- _EXERCISE_
Exactly the lines from the one containing "Used 2025 Chevrolet" through the end of the listing below are required, restated word for word and without pictures.

═════ RECORDS TO PROCESS

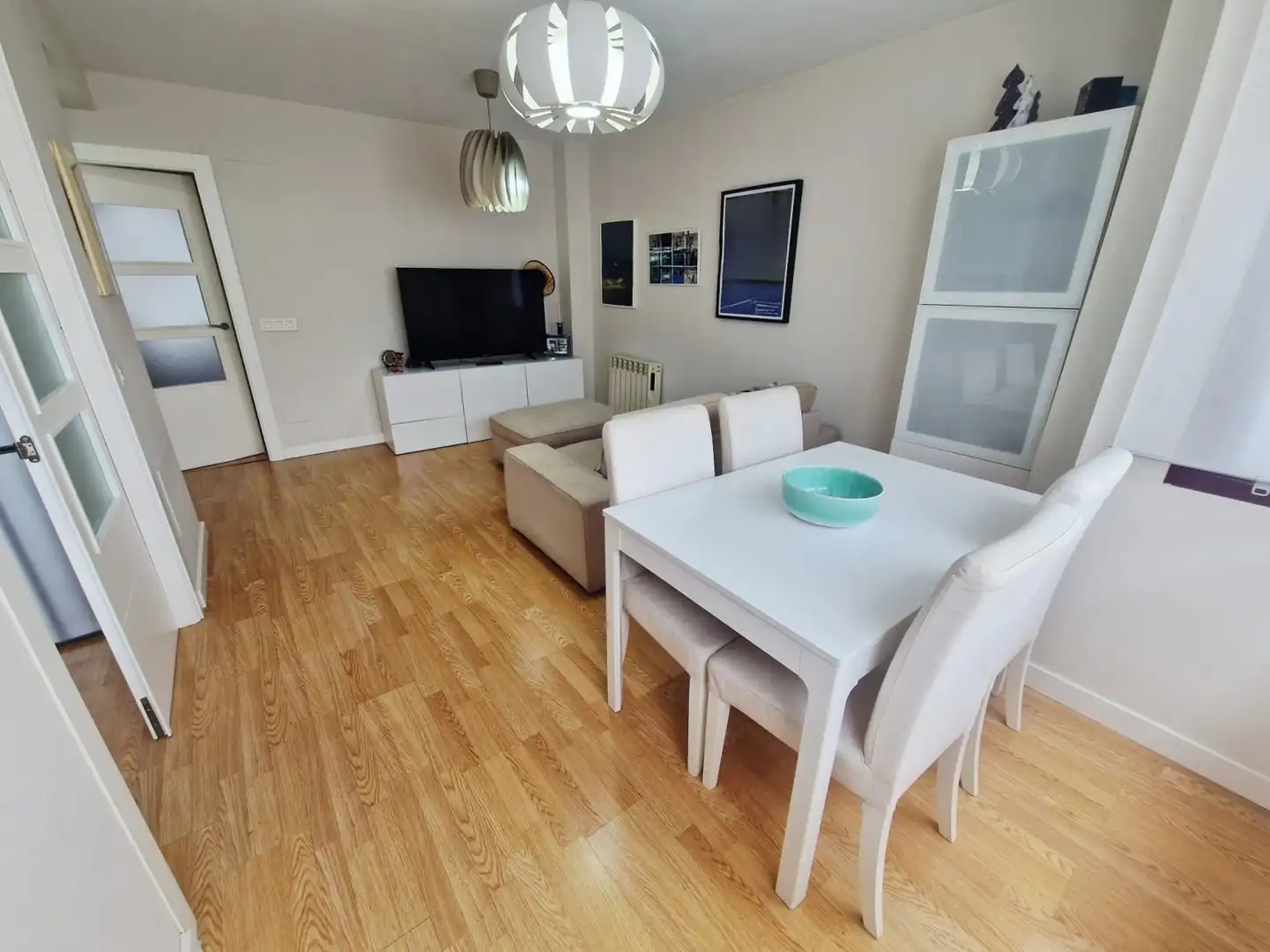 Wohnzimmer von Wohnung zur Miete in Avilés mit Heizung und Privatgarten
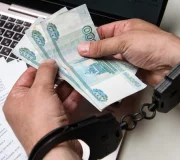 Бывший глава Смартбанка получил заочно 19 лет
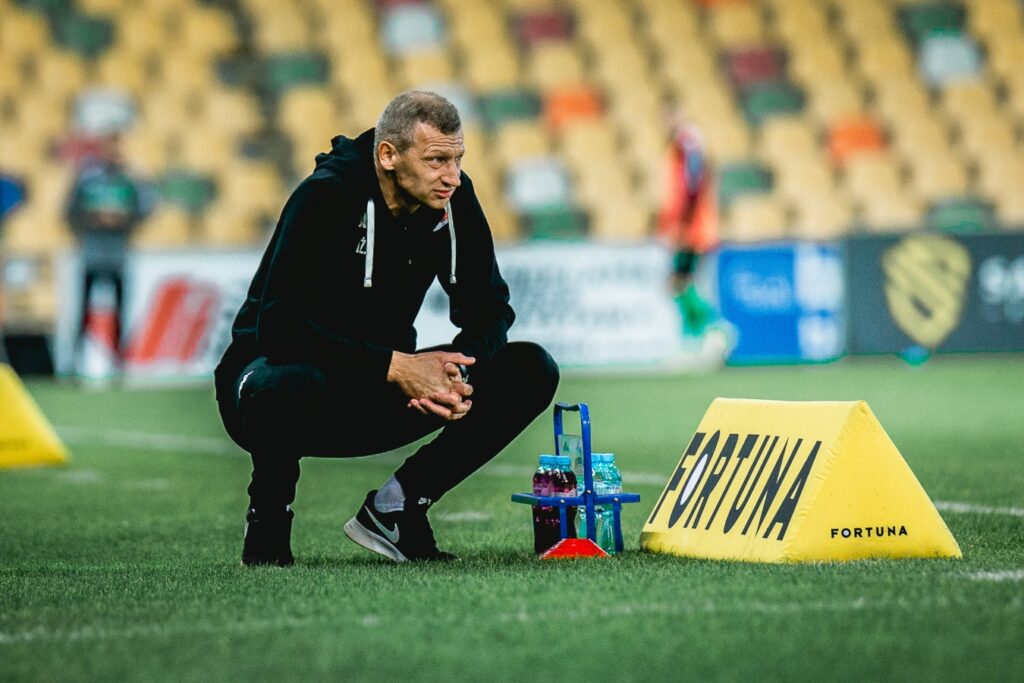 Dariusz Żuraw zmienia Podbeskidzie, „Żuraw ball” powoli powraca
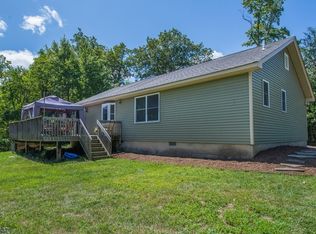 52 Delmont Rd, Hewitt, NJ 07421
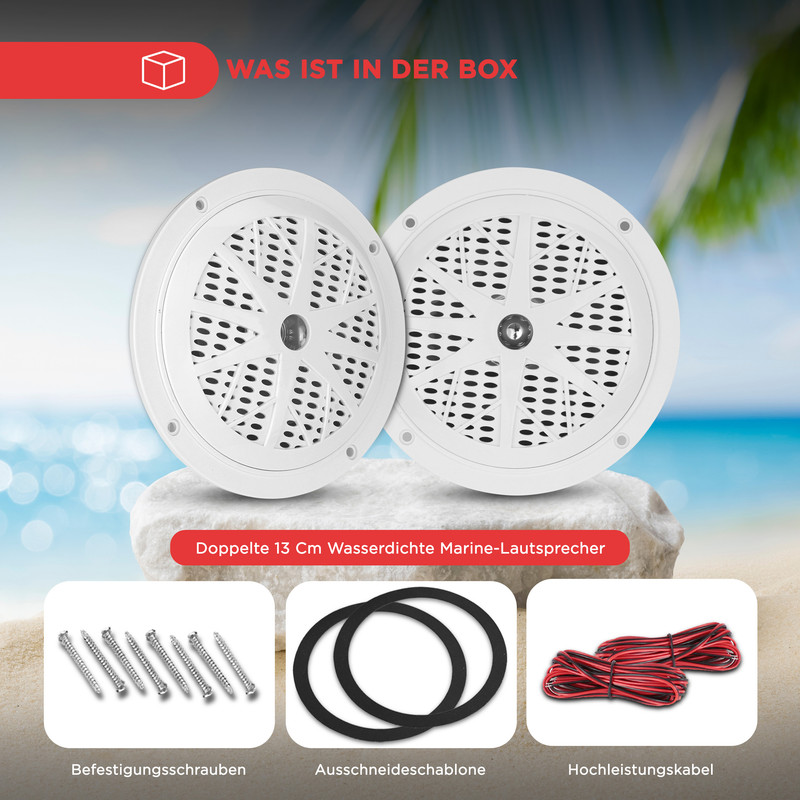 Zwei weiße 13cm wasserdichte Marine-Lautsprecher mit Zubehör am Strand.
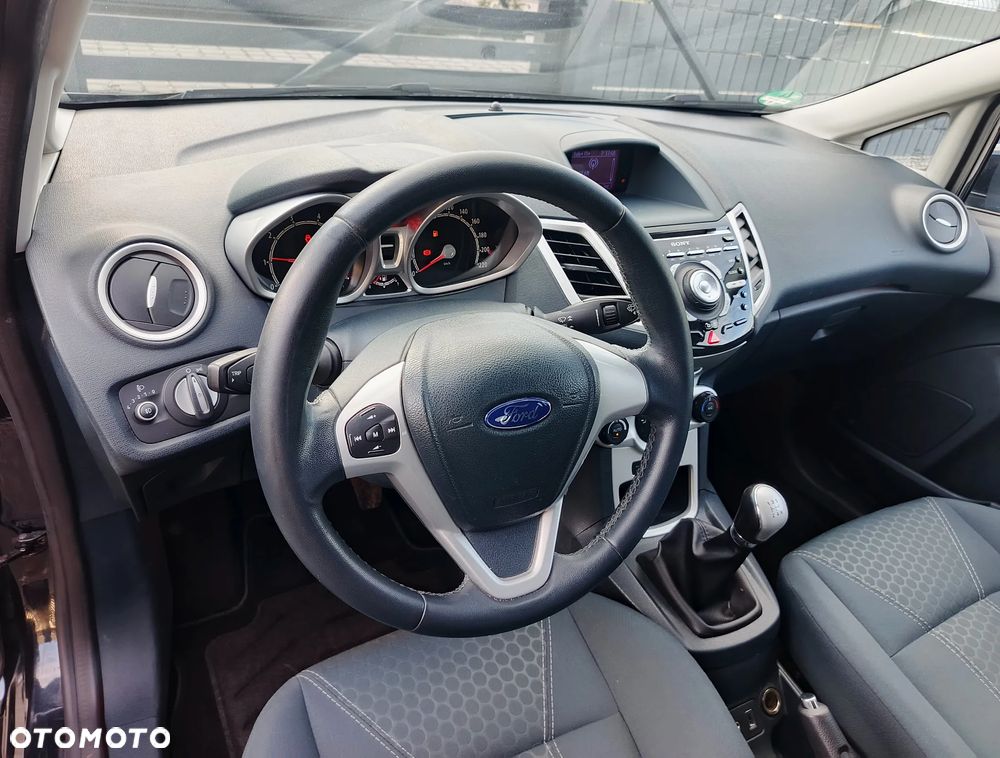 Ford Fiesta 1.4 Titanium - 26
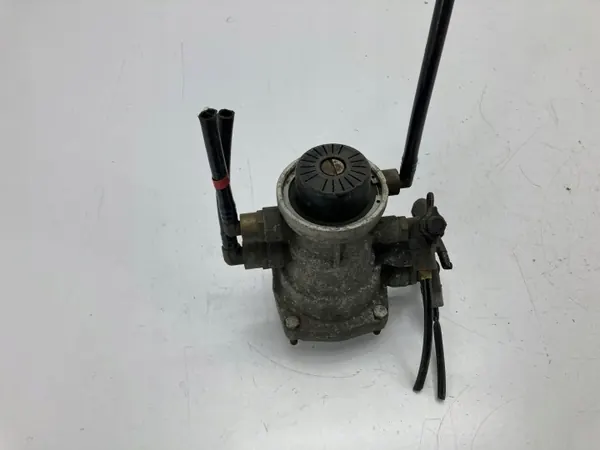 Soupape Commande Remorque Renault Magnum OEM 5010260938N image 3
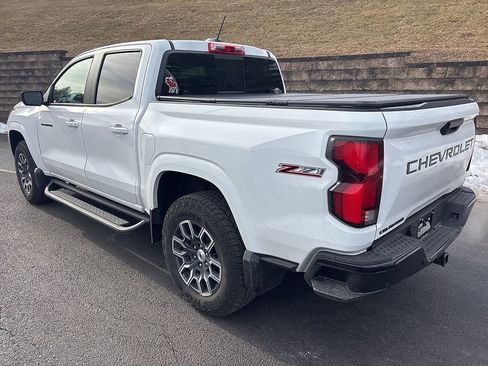 Used 2025 Chevrolet Colorado Z71 w/ Technology Package image 12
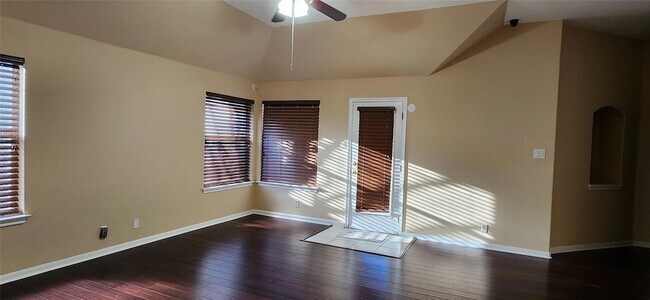 Foto del edificio - 1124 Springbrook Rd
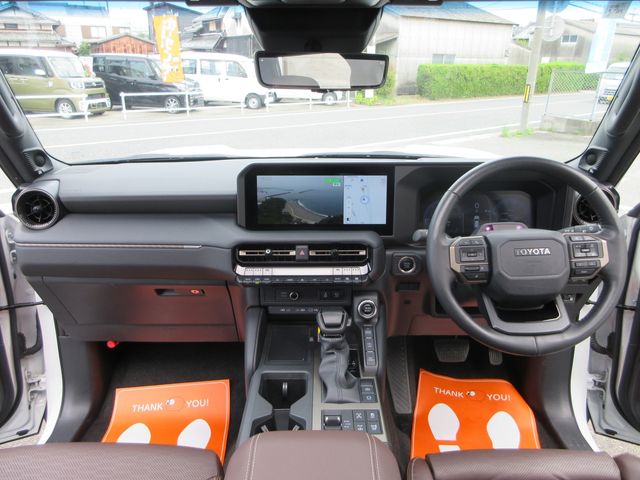 LANDCRUISER 250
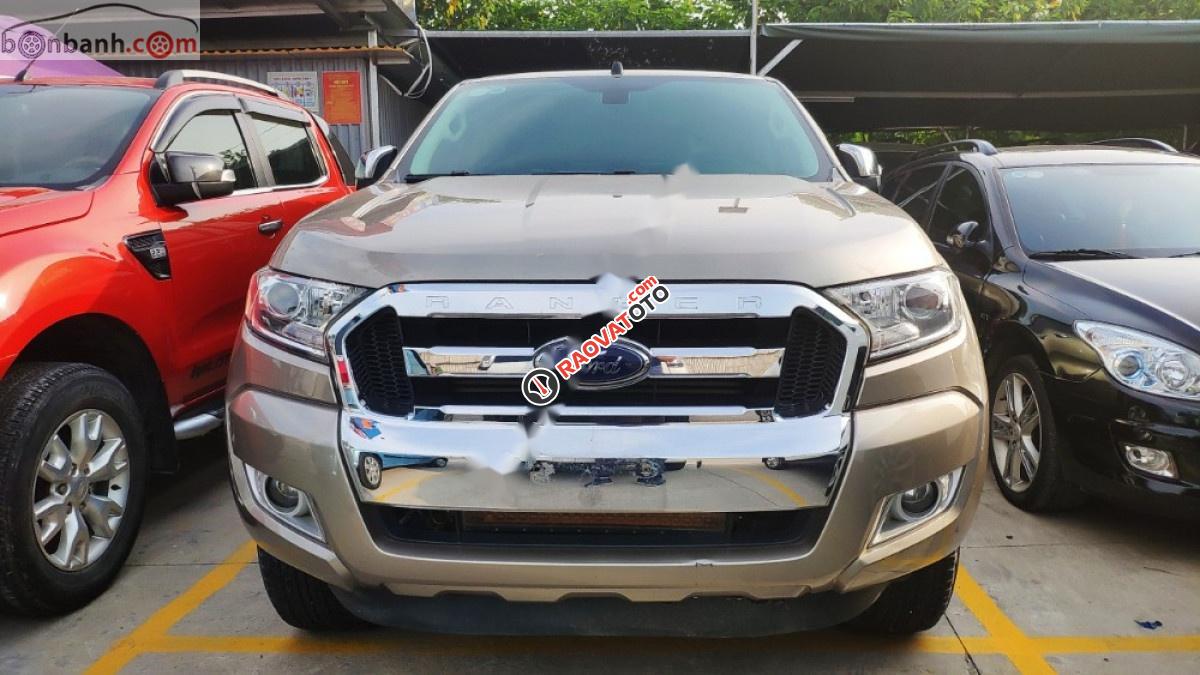 Bán Ford Ranger XLT 2.2L 4x4 MT 2017, màu vàng, số sàn-0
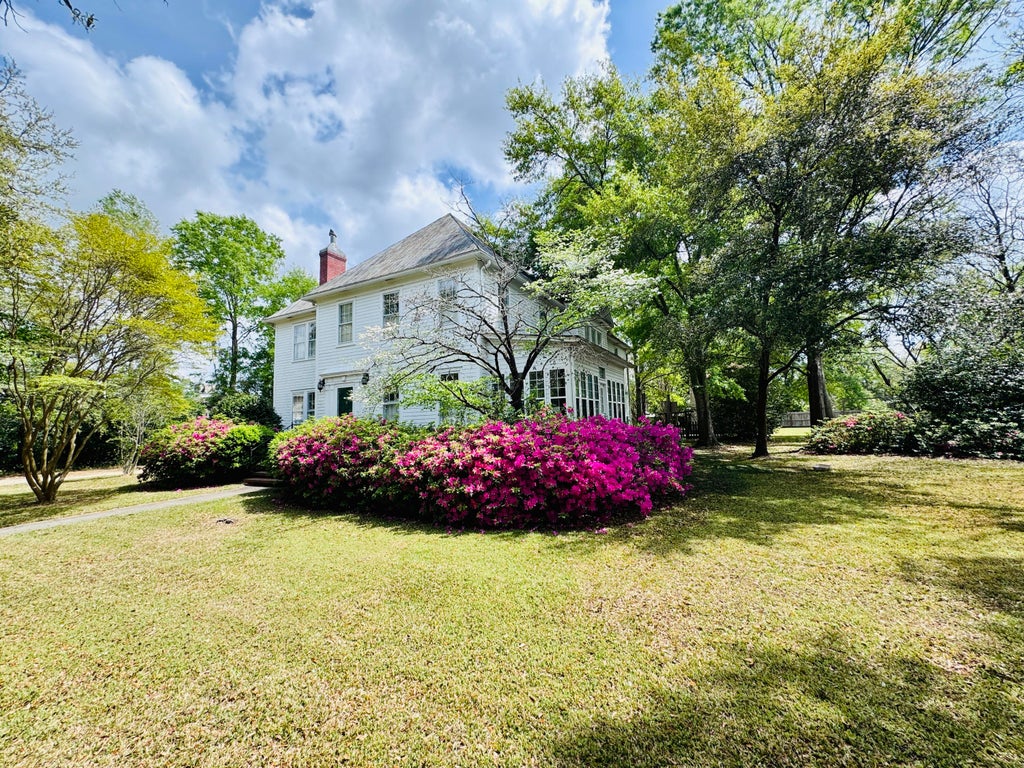 Photo of 5 S Rosemary Avenue, Andrews, SC 29510 (MLS # 26021908)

══════════

- _EXERCISE RESULT_
 Used 2025 Chevrolet Colorado Z71 w/ Technology Package image 12
 Foto del edificio - 1124 Springbrook Rd
 LANDCRUISER 250
 Bán Ford Ranger XLT 2.2L 4x4 MT 2017, màu vàng, số sàn-0
 Photo of 5 S Rosemary Avenue, Andrews, SC 29510 (MLS # 26021908)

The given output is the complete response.